Je ne vous ai pas embarqué dans un labyrinthe mais c’est plutôt pour que vous comprenez mieux le Personnage, l’Homme et l’Être qu’il était, avec les mots qui sont les miens. Si j’ai pris le pari d’en dire un peu sur lui, bien que n’étant pas dans le secret du bon Dieu et sans me targuer de mieux le connaître, je n’apporte qu’une pièce au puzzle. Francos était comme ce slogan de l’Orchestre OK JAZZ qui disait : on rentre OK on sort KO. Quand tu l’as connu de loin sans l’avoir côtoyé, deux jugements peuvent se dégager: le rejet ; « ce Monsieur ne pense qu’aux habits » ou alors l’admiration « ce Monsieur est élégant, j’aimerais lui ressembler». Maintenant, quand tu l’as approché, et que tu as commencé à échanger avec lui, les préjugés tombent, c’est là où tu vois la nocivité des idées préconçues. Francos était une montagne de connaissances, son aisance à parcourir un bouquin en un laps de temps, faisait de lui un Bibliophile. Il lisait tout ce qui lui tombait entre les mains. C’était un Homme de culture. Je ne m’abstiendrai pas de dire que Francos était une légende. S’il est adulé par bon nombre de générations, au delà de son art vestimentaire, c’est que son fond dégageait autre chose. Sa longévité sans désamour avec les personnes de tout horizon, n’est point anodine. Si Francos a vécu plus de quatre vingts ans, cela était dû à son hygiène de vie, il se couchait tôt et était presque abstème. Il ne s’adonnait point à la concupiscence. Il n’était pas dans la mondanité. Il s’extasiait dans la Salsa, seule danse qu’il affectionnait et exhibait avec brio comme son ami de toujours Gomez De MAKANDA.

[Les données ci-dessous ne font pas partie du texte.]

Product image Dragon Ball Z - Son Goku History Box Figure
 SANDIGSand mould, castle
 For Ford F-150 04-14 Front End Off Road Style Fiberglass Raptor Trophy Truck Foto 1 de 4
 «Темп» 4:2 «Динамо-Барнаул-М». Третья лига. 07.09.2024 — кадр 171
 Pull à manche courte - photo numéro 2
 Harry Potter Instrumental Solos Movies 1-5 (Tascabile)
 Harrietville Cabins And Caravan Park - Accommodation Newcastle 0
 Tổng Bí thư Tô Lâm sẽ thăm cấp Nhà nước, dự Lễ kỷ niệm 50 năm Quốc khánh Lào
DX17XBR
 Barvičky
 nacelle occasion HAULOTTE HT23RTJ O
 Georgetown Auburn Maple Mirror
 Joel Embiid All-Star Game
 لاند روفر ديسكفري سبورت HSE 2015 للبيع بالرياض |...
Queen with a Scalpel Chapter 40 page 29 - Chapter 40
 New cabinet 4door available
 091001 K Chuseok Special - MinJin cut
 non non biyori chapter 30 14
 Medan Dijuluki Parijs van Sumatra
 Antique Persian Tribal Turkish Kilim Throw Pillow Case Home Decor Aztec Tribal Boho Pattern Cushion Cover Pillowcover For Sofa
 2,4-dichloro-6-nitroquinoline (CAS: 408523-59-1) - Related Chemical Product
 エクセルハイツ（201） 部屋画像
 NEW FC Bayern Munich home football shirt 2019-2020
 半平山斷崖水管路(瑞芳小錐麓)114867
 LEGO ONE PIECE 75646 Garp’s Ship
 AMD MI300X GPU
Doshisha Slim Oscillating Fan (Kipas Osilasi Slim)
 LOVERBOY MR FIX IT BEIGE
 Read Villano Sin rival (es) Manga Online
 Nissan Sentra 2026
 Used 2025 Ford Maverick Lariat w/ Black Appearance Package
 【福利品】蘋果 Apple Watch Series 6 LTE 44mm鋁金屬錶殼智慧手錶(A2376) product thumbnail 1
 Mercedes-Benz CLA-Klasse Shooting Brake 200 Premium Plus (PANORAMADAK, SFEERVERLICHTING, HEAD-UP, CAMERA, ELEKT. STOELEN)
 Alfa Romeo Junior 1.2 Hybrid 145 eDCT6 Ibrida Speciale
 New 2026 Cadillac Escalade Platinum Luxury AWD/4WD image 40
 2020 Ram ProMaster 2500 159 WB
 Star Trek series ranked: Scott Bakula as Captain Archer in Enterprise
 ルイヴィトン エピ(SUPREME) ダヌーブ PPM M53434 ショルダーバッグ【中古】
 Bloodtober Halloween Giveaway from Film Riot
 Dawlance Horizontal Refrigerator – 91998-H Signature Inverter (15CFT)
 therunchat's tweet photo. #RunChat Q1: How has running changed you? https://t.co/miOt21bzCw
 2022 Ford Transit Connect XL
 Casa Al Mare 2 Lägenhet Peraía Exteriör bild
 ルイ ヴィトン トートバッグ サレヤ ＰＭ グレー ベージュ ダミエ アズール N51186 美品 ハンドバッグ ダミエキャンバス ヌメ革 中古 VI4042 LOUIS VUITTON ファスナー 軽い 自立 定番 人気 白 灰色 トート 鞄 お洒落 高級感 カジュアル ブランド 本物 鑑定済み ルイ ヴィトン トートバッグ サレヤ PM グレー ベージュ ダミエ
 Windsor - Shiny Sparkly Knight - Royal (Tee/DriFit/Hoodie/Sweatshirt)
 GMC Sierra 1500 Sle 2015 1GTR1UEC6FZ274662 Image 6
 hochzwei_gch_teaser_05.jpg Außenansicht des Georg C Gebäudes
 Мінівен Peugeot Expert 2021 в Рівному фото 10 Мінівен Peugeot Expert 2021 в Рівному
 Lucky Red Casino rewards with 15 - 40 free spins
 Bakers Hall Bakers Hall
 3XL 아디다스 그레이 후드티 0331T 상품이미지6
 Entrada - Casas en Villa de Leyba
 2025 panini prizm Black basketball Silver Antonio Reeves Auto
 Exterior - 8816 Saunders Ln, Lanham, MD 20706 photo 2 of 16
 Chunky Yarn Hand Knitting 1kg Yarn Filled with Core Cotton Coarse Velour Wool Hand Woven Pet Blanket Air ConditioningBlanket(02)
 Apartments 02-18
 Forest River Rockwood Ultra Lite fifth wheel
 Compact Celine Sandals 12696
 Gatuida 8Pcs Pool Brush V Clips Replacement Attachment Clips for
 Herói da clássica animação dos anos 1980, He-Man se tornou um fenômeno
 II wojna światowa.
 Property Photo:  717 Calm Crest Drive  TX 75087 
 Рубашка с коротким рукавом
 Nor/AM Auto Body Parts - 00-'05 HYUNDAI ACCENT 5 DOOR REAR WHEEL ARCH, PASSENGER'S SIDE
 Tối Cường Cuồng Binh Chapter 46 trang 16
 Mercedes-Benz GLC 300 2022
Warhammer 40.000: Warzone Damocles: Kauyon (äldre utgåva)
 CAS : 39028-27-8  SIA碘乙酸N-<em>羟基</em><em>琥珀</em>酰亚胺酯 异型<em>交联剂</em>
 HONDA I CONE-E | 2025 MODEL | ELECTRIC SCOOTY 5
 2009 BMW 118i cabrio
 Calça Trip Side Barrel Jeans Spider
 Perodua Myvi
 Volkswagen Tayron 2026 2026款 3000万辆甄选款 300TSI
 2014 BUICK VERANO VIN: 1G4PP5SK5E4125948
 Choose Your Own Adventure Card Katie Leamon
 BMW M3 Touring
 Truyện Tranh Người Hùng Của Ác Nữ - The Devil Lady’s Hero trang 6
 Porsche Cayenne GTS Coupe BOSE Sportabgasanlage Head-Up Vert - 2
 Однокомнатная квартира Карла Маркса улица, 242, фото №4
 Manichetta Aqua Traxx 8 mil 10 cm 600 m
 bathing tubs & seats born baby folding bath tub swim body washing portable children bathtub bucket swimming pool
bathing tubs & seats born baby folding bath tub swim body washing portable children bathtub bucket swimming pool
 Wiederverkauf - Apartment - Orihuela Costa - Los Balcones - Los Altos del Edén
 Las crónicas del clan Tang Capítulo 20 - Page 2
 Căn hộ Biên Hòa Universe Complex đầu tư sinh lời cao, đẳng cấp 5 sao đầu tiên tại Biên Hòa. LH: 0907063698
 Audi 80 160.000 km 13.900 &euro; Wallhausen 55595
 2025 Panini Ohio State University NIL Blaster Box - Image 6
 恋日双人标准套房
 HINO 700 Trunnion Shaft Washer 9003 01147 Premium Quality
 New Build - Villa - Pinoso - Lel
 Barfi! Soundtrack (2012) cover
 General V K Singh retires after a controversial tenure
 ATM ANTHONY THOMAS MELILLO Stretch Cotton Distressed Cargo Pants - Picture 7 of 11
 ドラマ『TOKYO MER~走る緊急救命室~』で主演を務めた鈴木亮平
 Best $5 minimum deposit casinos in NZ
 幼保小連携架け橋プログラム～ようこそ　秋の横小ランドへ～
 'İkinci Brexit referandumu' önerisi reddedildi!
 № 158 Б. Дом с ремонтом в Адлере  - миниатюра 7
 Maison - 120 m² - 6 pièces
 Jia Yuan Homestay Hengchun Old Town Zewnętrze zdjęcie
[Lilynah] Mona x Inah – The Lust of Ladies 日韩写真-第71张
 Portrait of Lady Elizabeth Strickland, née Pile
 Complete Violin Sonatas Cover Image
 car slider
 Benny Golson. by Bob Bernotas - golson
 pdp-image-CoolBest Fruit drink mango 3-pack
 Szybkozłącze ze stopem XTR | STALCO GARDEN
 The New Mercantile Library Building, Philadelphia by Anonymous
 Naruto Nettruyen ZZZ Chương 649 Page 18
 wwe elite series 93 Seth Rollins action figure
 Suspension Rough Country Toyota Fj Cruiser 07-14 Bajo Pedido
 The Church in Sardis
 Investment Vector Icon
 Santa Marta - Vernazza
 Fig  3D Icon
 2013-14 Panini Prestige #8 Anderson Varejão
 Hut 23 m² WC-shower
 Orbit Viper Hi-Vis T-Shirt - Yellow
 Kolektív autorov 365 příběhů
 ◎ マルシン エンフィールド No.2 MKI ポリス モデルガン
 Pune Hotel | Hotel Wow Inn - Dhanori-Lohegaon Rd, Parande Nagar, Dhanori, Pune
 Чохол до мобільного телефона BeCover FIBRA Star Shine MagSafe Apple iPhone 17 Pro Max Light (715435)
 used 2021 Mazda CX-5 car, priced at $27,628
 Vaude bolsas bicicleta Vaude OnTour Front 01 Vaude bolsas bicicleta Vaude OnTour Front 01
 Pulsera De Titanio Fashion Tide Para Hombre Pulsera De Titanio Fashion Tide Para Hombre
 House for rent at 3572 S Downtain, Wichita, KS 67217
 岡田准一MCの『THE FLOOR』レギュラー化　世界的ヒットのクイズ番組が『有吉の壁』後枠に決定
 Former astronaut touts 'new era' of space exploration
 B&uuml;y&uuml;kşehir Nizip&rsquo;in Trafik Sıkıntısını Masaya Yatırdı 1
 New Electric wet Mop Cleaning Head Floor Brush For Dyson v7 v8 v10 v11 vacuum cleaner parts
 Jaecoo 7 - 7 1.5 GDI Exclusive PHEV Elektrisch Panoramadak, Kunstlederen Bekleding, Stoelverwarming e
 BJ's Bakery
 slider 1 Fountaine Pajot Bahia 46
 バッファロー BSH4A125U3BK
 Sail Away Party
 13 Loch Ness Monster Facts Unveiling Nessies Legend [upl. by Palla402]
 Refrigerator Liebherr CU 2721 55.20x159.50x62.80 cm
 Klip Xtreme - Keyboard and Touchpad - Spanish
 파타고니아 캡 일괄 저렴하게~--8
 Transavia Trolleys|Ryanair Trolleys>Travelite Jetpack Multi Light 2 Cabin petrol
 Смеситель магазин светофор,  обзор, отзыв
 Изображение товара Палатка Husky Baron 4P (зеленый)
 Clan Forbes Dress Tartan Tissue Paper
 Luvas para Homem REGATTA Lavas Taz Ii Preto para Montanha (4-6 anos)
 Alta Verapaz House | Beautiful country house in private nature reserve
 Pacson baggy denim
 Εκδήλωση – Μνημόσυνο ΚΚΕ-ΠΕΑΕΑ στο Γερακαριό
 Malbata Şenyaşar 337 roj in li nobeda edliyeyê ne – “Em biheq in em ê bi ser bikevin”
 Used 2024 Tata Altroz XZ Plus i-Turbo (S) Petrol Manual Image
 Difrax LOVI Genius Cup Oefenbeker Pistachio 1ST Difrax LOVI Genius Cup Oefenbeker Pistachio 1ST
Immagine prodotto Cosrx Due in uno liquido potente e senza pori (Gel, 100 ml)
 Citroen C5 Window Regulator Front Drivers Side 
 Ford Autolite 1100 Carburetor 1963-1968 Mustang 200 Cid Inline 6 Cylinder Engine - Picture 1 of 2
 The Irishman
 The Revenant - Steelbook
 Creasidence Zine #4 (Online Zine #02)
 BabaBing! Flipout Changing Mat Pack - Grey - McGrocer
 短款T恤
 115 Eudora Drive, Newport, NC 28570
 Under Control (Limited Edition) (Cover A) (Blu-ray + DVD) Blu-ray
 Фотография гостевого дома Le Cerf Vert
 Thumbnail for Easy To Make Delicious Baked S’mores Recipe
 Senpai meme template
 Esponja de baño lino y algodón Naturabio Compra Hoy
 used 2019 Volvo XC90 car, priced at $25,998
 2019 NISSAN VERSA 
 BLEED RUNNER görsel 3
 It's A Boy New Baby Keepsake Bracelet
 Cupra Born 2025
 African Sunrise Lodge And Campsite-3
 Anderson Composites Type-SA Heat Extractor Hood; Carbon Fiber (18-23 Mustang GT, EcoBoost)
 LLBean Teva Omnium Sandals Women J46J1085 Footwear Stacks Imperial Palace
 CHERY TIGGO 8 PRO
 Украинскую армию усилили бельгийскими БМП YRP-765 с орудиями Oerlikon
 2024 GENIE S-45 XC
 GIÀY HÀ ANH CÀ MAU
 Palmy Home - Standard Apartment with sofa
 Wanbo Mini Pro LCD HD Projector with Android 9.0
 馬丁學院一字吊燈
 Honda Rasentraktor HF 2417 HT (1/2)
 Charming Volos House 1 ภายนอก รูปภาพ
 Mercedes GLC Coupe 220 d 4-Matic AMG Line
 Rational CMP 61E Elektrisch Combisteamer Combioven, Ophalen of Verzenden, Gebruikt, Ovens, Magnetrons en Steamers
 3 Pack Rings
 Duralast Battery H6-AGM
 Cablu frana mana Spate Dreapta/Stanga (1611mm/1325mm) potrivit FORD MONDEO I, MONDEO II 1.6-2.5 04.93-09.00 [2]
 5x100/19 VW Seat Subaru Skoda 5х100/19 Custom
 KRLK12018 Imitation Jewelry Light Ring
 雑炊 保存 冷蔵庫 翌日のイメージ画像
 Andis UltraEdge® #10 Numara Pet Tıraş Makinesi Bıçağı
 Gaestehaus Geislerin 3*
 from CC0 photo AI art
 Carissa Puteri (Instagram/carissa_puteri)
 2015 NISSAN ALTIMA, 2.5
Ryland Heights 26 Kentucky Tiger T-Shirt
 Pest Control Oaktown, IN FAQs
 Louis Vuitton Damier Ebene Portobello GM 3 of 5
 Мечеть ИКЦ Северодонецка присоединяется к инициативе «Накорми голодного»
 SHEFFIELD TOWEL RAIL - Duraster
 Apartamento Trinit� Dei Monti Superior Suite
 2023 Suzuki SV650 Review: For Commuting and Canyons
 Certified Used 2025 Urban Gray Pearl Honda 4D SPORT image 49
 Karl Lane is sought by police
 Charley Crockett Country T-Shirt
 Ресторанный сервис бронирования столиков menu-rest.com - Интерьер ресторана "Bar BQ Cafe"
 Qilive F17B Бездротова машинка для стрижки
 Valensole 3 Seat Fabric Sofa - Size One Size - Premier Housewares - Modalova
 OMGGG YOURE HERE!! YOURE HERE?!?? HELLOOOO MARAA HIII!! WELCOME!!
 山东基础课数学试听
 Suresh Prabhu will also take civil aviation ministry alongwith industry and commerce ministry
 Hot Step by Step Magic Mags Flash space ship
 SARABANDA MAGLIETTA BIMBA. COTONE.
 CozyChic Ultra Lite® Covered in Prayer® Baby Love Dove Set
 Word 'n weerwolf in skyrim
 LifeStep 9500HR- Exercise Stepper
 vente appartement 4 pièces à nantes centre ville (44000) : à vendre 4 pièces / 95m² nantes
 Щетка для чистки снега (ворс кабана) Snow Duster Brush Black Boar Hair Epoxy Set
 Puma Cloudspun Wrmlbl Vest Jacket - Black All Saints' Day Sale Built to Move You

Nous venons de perdre un géant, un monstre sacré de l’esthète.
En tant d’années d’une relation commune, je ne lui avais trouvé qu’un seul défaut, c’est son goût immodéré de l’esthète, que je prendrais plus pour un péché mignon qu’autre chose.
Laissez moi me référer à la citation du Sage de l’Afrique : le Malien Amadou HAMPÂTE BÂ qui disait, je cite: « En Afrique, quand un vieillard meurt, c’est une bibliothèque qui brûle ». J ‘avais commencé un travail avec lui, qui a malheureusement aujourd’hui a un goût d’inachevé, le baobab est tombé, mais les racines restent.
Adieu cher Aîné, Adieu la Boussole, Adieu l’Artiste, repose en paix.